Let’s build model-agnostic explainers for both of these models to find out why they make the predictions they do. We can use the DALEXtra add-on package for DALEX (https://www.tmwr.org/explain.html), which provides support for tidymodels. Biecek and Burzykowski (2021) provide a thorough exploration of how to use DALEX for model explanations; this chapter only summarizes some important approaches, specific to tidymodels. To compute any kind of model explanation, global or local, using DALEX (https://www.tmwr.org/explain.html), we first create an explainer for each model.
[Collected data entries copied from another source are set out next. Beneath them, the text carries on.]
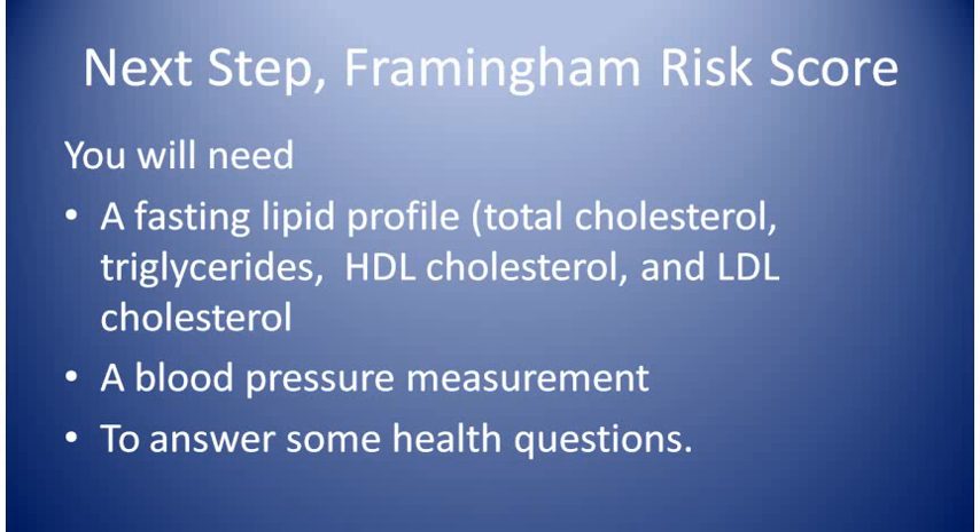To calculate your Framingham risk score, you need to know your total cholesterol level and your HDL cholesterol. You need to have a blood pressure measurement and you'll need to answer some questions. If you don't yet have the blood test and blood pressure measurements, remember that you can order your cholesterol test yourself online without a doctor's order. Just go to Google and type in blood tests and you'll find companies that can do this for you. The test you'll want to order is the lipid panel, and you can get your blood pressure measurement at lots of drug stores or supermarkets.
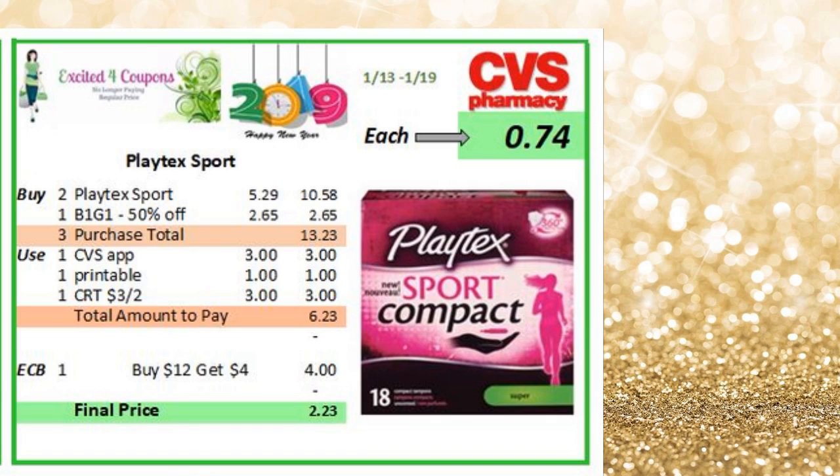Playtex — the bad thing about this is that sometimes I could go to a store and the price could be $7 for the box, and then I could go to another one and it will be $5.29. So hopefully if you could find them at this price in your store, it will be a really good deal. So just buy one, get one 50% off — you do need to spend $12. Then you could use a CVS app coupon because it does mention that we're going to have a coupon for that, there is also a printable, and if you have a CRT that has to do with any feminine products, you can use it as well. So bring it down to $6.23, you get $4 ECB, making it $0.74 cents each box.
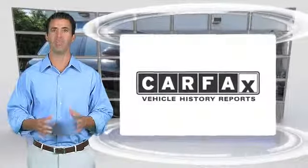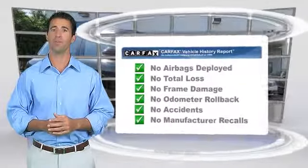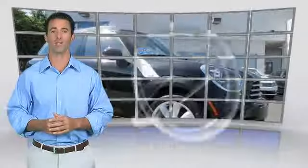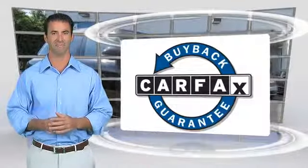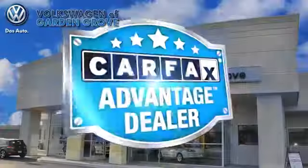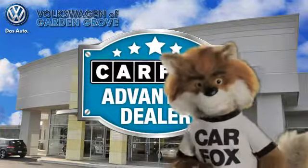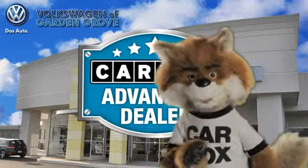Here's another high-quality vehicle with the Carfax Vehicle History Report. Be sure to find a complimentary copy of this report online or contact the dealership. This vehicle qualifies for the Carfax Buy-Back Guarantee. Just say show me the Carfax at Volkswagen of Garden Grove, Carfax Advantage dealer.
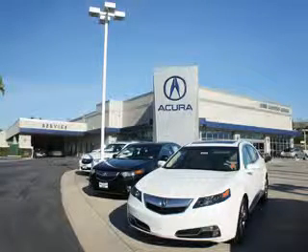Thanks for choosing We're Canyon Acura. We pride ourselves in providing a straightforward, quick, enjoyable purchasing experience.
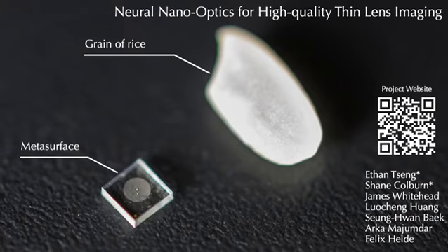Neural nano-optics — smaller than a grain of rice. For more information, please visit our website.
STEP 12a: Creating trained workflows for each of the four models

rf_best_race_trained_wf <- 
   wflwset_setup_race_results_clean %>% 
   extract_workflow("normalized_RF") %>% 
   finalize_workflow(rf_wf_best_rmse_results_of_race) %>% 
   fit(data = af.train.wf)

xgb_best_race_trained_wf <- 
   wflwset_setup_race_results_clean %>% 
   extract_workflow("interaction_XGB") %>% 
   finalize_workflow(xgb_wf_best_rmse_results_of_race) %>% 
   fit(data = af.train.wf)

cart_best_race_trained_wf <- 
   wflwset_setup_race_results_clean %>% 
   extract_workflow("rm_corr_cart") %>% 
   finalize_workflow(cart_wf_best_rmse_results_of_race) %>% 
   fit(data = af.train.wf)

glm_best_race_trained_wf <- 
   wflwset_setup_race_results_clean %>% 
   extract_workflow("interaction_glm") %>% 
   finalize_workflow(glm_wf_best_rmse_results_of_race) %>% 
   fit(data = af.train.wf)

Saving trained workflows

Show code
# SAVING THE BEST PERFORMING MODEL CONFIGURATIONS

saveRDS(rf_best_race_trained_wf, here::here("TidyModWflSet_OUTPUT","rf_best_race_trained_wf.RDS"))
saveRDS(xgb_best_race_trained_wf, here::here("TidyModWflSet_OUTPUT","xgb_best_race_trained_wf.RDS"))
saveRDS(cart_best_race_trained_wf, here::here("TidyModWflSet_OUTPUT","cart_best_race_trained_wf.RDS"))
saveRDS(glm_best_race_trained_wf, here::here("TidyModWflSet_OUTPUT","glm_best_race_trained_wf.RDS"))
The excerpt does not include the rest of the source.